Finding 8: The passenger capacity of the Tunnel in peak hour conditions is sufficient to carry projected 2020 passenger loads with either buses or light rail trains providing service.
Finding 9: Projections of post-2020 transit ridership based on the growth of employment, commercial services, and residential population in the Seattle downtown indicate the need for planning new transit corridor capacity and demand management measures.
Finding 10: Sound Transit's north-south Link light rail line, if implemented, would offer transit performance inferior to regional express bus routes on upgraded roadways.
Finding 11: The cost-effectiveness of an all-bus alternative for regional high-capacity transit in the Puget Sound region has not yet been compared to a light rail system like the one proposed by Sound Transit.
Finding 12: The overall quality of the Puget Sound regional transit system could be maintained and improved by retaining the Tunnel for all-bus operations, increasing the numbers of regional routes using the Tunnel, integrating long- and short-haul routes, and enhancing the roadway system for congestion free bus travel.
Finding 13: The existing express bus services of Sound Transit, Metro, Community Transit, and Pierce Transit have many of the attributes of Bus Rapid Transit (BRT), and could be enhanced to bring them closer to BRT.

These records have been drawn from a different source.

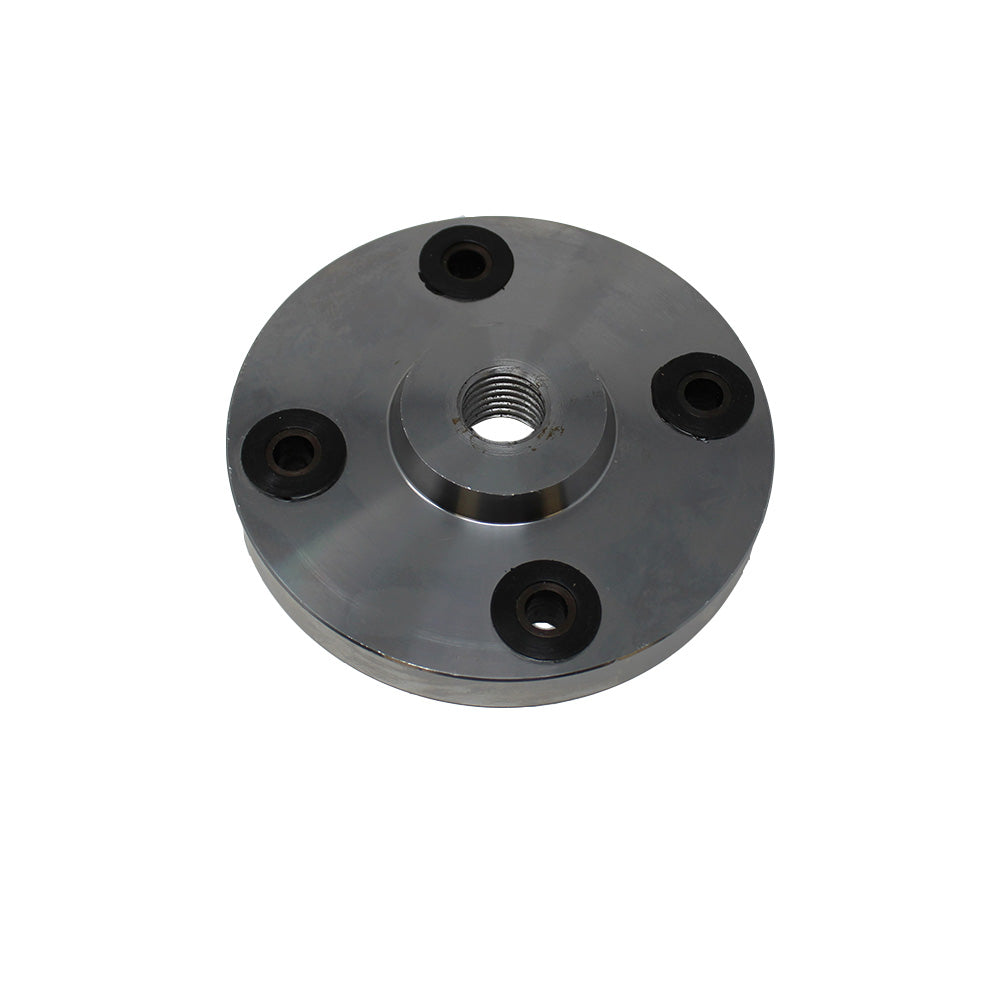 708639M91 HYDRAULIC PUMP DRIVE ADAPTER Fits Massey Ferguson 135 165 175 30 40B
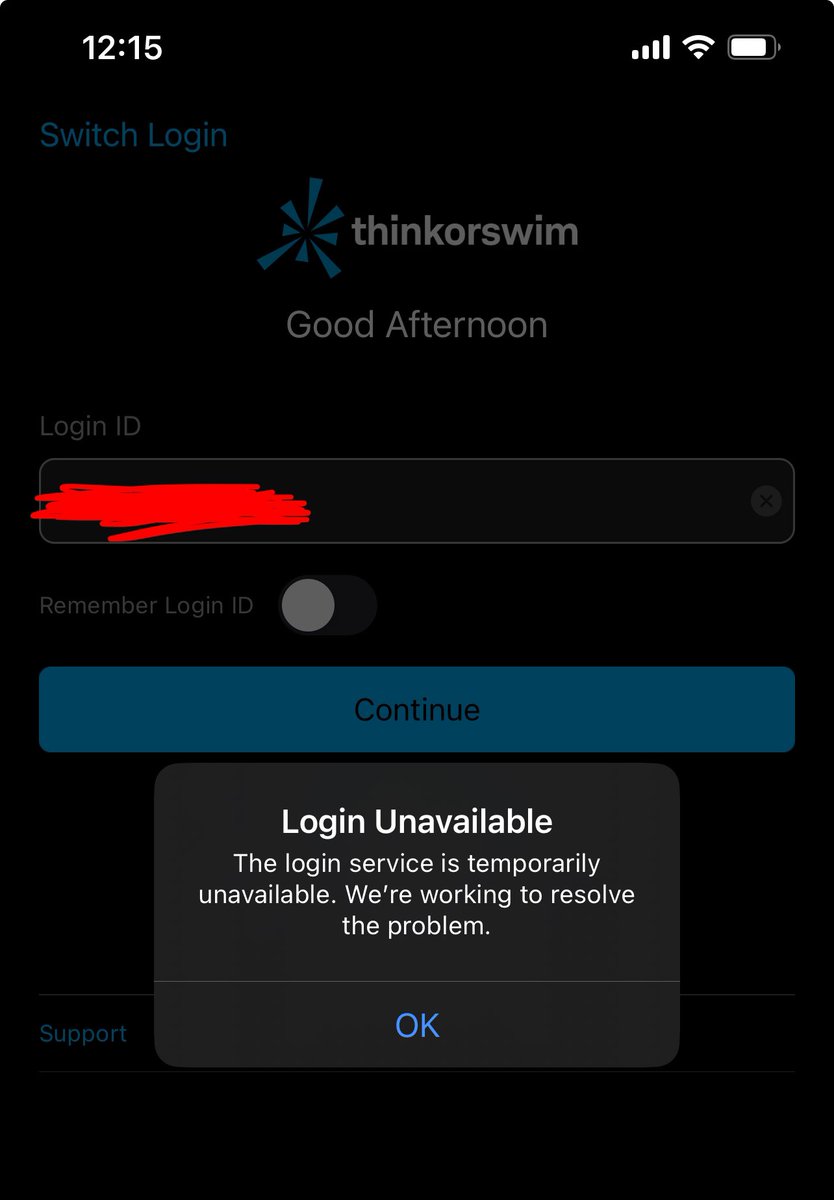 DeadCharts tweet media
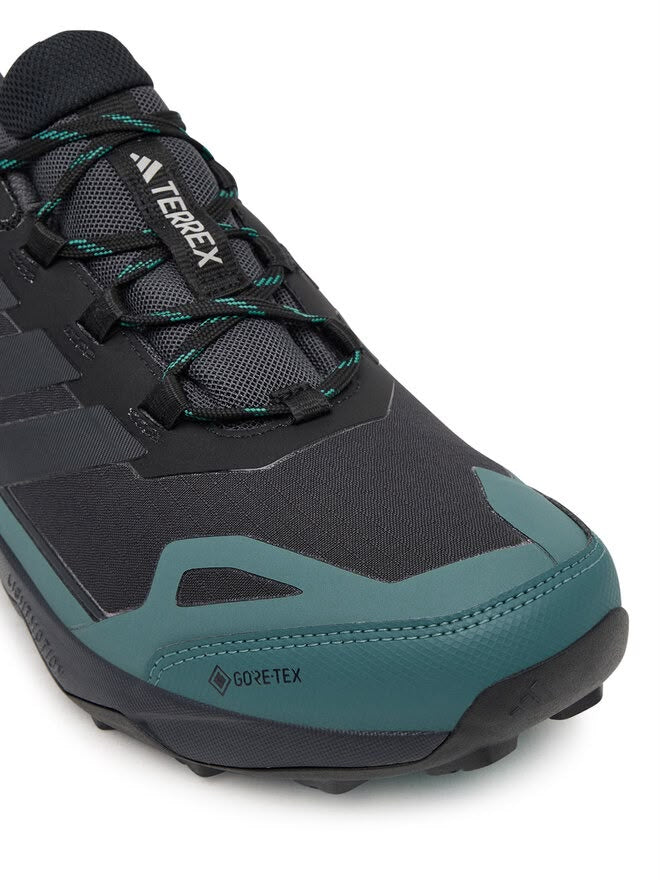 Adidas Terrex Skychaser AX5 GTX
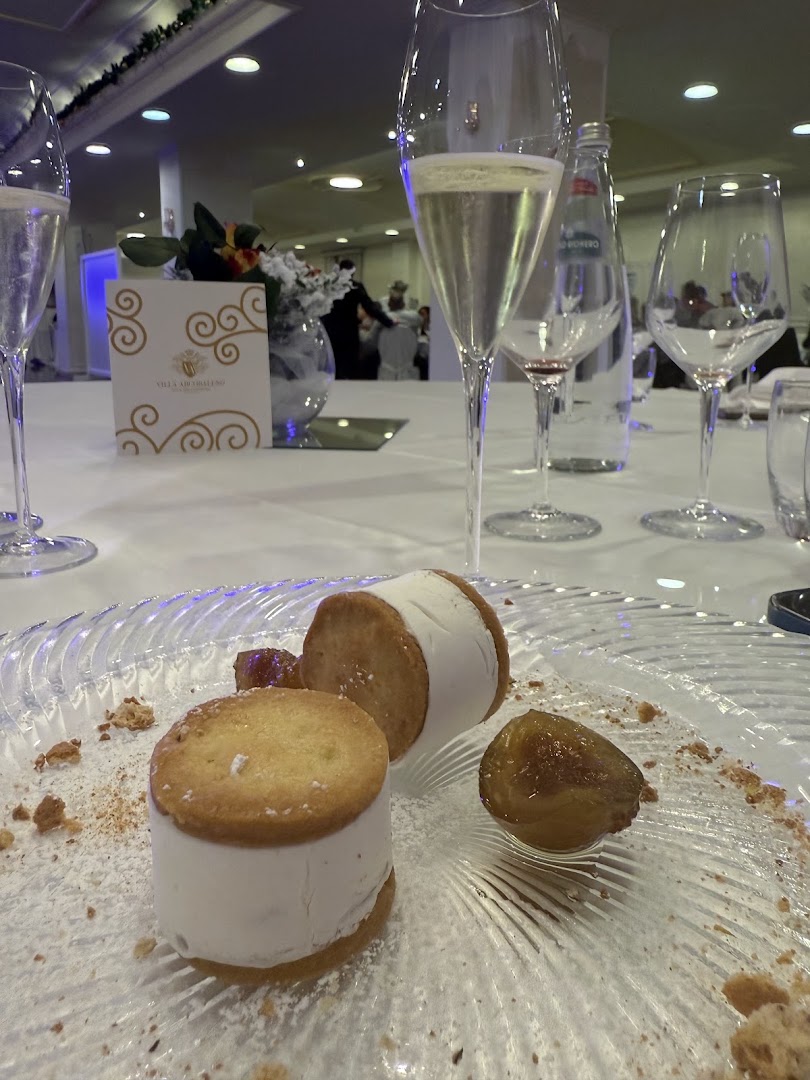 Ristorante Arcobaleno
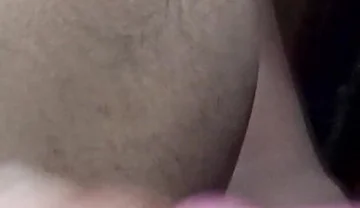 Shake Your Penis Vigorously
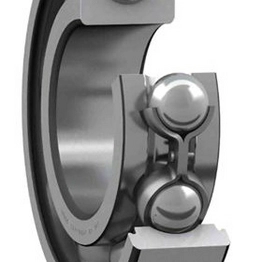 6232/C3 SKF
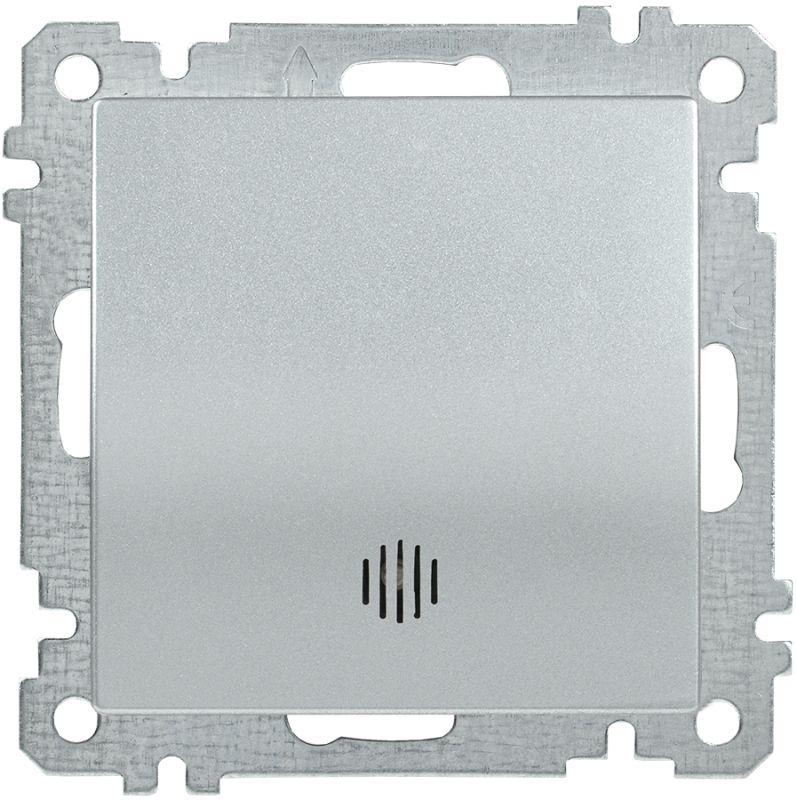 Фото IEK EVB11-K23-10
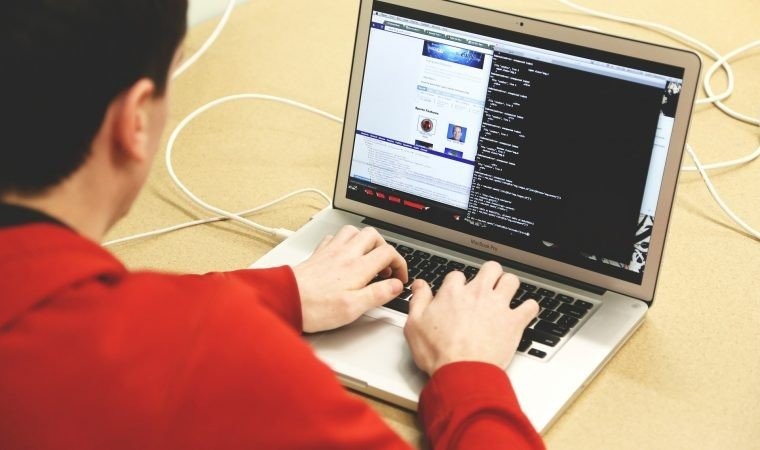 Sprzęt technodydaktyczny dla szkół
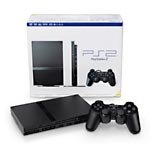 PlayStation 2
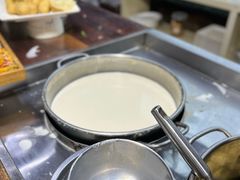 -前童古镇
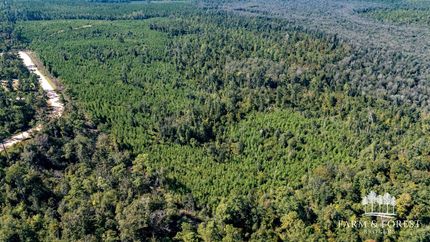 Property for sale in Jackson County, Florida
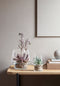 Eva Solo - Succulent Vaas 15cm - Glas - Transparant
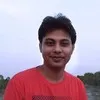 Masum parvez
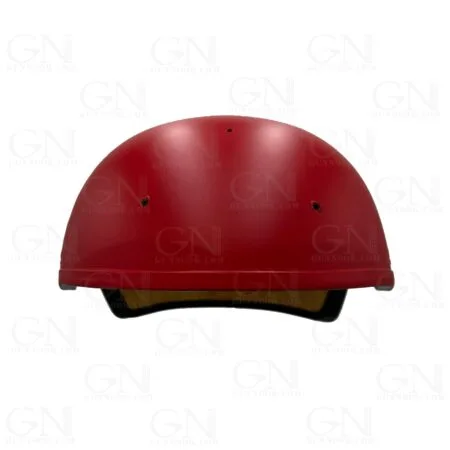GunNook SBH R-RED Ballistic Shell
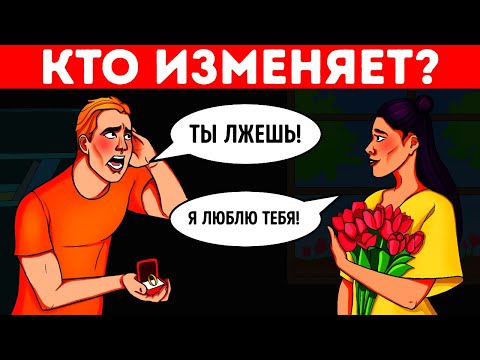 YouTube видео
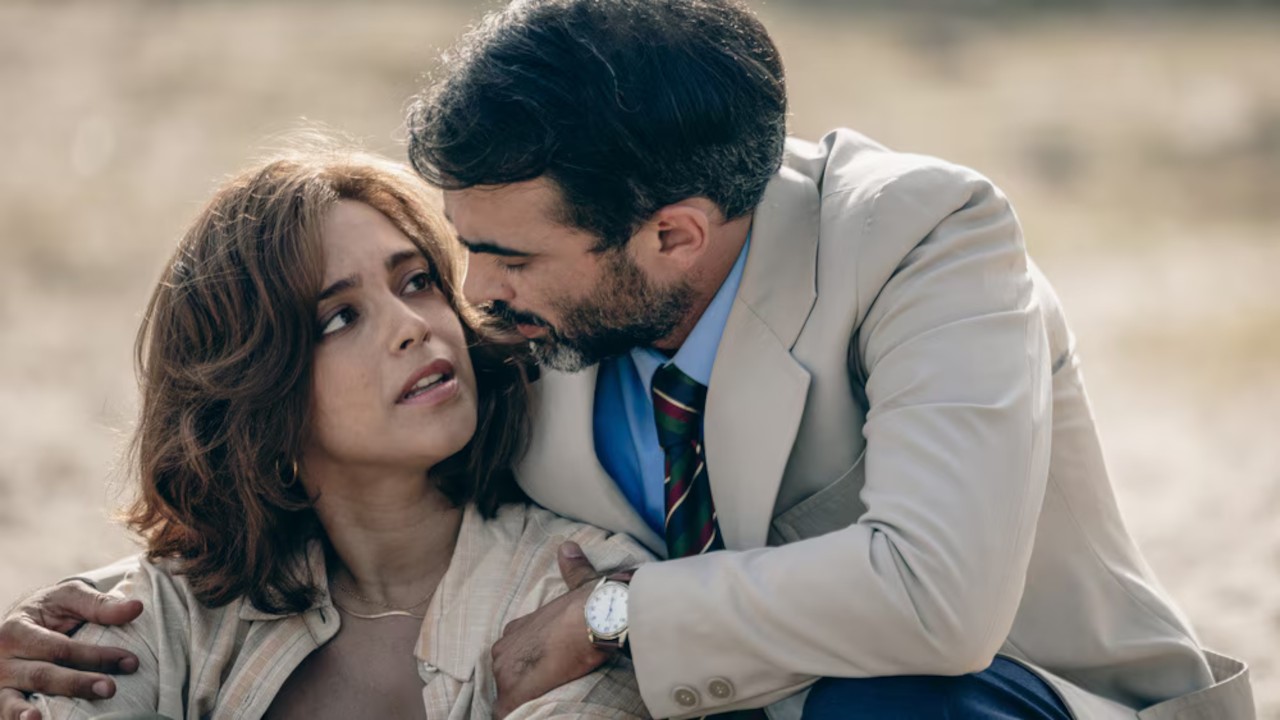 Lo sguardo di Francesca sulla strage di Capaci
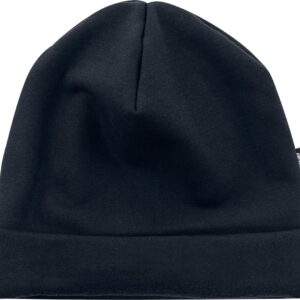 Czapka Ochronna FRSTDS-9195 G
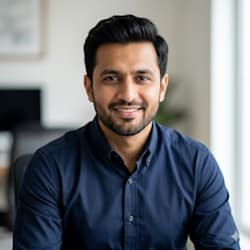 zulfiqarshah362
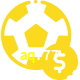 Aposte em esportes do mundo todo no aq777!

Finding 14: Because Bus Rapid Transit (BRT) is a new Federal transit mode emphasis, Federal and Sound Transit funds could be reprogrammed to support an extensive Puget Sound regional BRT system.
Recommendations
1. Authorize use of the DSTT by Sound Transit for buses only.
2. Reprogram money now budgeted for Central Link light rail to expanding Bus Rapid Transit (BRT) in the Sound Move Plan.
3. Work to implement a regional BRT plan that integrates ST Express and Metro bus services, and that maximizes the use of the DSTT.
John Niles of Global Telematics served as project manager for the Tunnel Team. Other members were Dick Nelson, President of ITR, Inc., and Jim MacIsaac, PE, independent consulting engineer.